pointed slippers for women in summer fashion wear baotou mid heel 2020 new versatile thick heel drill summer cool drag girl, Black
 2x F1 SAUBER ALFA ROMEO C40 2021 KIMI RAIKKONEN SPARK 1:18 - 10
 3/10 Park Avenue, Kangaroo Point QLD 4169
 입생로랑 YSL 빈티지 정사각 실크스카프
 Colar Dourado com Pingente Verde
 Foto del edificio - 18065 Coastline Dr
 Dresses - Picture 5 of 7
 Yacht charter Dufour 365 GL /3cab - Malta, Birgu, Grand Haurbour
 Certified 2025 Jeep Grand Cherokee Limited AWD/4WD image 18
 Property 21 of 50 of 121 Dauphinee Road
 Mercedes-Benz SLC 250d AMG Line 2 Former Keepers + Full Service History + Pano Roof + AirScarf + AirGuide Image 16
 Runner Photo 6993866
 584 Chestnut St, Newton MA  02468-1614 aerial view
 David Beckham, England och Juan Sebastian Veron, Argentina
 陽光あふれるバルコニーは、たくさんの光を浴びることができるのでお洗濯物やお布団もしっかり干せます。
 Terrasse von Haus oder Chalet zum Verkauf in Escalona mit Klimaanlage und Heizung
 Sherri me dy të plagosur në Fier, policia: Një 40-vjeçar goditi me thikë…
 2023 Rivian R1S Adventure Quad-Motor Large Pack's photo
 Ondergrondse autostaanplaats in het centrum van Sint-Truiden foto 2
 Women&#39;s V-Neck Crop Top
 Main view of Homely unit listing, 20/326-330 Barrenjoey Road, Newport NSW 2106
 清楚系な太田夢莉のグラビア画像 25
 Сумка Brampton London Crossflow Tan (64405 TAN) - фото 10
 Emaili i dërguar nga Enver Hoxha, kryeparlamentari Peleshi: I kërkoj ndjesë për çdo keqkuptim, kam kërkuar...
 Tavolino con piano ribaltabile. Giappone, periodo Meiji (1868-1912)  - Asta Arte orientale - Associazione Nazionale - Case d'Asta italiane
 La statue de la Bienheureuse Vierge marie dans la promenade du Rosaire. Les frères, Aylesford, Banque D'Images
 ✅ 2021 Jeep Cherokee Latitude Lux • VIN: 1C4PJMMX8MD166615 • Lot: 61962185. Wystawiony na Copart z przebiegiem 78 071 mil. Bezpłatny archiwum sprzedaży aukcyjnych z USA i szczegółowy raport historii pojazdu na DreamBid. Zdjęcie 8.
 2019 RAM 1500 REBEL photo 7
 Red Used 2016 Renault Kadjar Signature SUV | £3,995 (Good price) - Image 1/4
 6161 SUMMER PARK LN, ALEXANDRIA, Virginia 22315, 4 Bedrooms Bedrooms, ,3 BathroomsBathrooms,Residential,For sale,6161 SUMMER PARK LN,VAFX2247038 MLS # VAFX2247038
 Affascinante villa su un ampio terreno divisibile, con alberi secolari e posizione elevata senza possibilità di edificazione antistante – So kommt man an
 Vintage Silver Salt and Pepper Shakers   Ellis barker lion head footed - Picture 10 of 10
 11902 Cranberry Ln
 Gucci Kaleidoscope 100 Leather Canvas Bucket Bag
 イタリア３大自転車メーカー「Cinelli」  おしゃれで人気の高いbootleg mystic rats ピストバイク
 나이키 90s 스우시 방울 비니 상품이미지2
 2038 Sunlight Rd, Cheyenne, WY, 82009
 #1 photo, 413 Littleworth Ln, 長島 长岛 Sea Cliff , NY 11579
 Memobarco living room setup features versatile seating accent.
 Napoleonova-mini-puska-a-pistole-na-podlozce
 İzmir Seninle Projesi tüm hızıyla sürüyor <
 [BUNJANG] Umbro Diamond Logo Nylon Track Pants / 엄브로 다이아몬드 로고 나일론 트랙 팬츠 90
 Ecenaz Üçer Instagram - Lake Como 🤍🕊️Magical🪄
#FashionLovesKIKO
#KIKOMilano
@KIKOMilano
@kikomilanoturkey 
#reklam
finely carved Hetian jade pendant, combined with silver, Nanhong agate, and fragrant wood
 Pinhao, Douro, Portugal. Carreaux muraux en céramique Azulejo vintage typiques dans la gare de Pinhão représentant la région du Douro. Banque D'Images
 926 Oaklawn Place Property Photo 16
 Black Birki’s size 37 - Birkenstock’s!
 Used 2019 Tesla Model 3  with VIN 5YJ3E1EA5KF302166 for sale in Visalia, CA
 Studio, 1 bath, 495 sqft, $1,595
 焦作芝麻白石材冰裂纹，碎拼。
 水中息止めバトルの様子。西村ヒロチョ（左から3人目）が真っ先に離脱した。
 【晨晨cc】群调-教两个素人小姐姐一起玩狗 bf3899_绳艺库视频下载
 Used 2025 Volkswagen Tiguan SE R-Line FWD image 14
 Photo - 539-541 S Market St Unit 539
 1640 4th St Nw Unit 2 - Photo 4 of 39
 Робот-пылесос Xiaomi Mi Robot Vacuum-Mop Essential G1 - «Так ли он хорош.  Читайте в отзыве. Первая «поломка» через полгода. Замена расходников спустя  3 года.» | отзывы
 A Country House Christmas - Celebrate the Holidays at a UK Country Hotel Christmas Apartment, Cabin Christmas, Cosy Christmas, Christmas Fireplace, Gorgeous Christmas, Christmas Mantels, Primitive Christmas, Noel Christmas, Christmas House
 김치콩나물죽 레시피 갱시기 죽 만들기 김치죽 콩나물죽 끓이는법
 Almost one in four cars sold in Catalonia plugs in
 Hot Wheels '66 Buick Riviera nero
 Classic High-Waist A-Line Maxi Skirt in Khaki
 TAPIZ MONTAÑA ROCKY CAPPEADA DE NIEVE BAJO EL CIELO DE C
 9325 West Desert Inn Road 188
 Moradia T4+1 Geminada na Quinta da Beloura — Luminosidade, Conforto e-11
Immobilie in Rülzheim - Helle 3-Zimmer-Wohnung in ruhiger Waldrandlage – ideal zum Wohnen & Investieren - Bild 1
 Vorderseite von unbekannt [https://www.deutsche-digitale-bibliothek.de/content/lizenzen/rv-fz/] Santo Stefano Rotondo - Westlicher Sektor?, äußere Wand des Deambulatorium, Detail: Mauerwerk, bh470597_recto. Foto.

How to complete this task |
Copy each line from the data that features the string "dans".

Written solution |
 La statue de la Bienheureuse Vierge marie dans la promenade du Rosaire. Les frères, Aylesford, Banque D'Images
 Pinhao, Douro, Portugal. Carreaux muraux en céramique Azulejo vintage typiques dans la gare de Pinhão représentant la région du Douro. Banque D'Images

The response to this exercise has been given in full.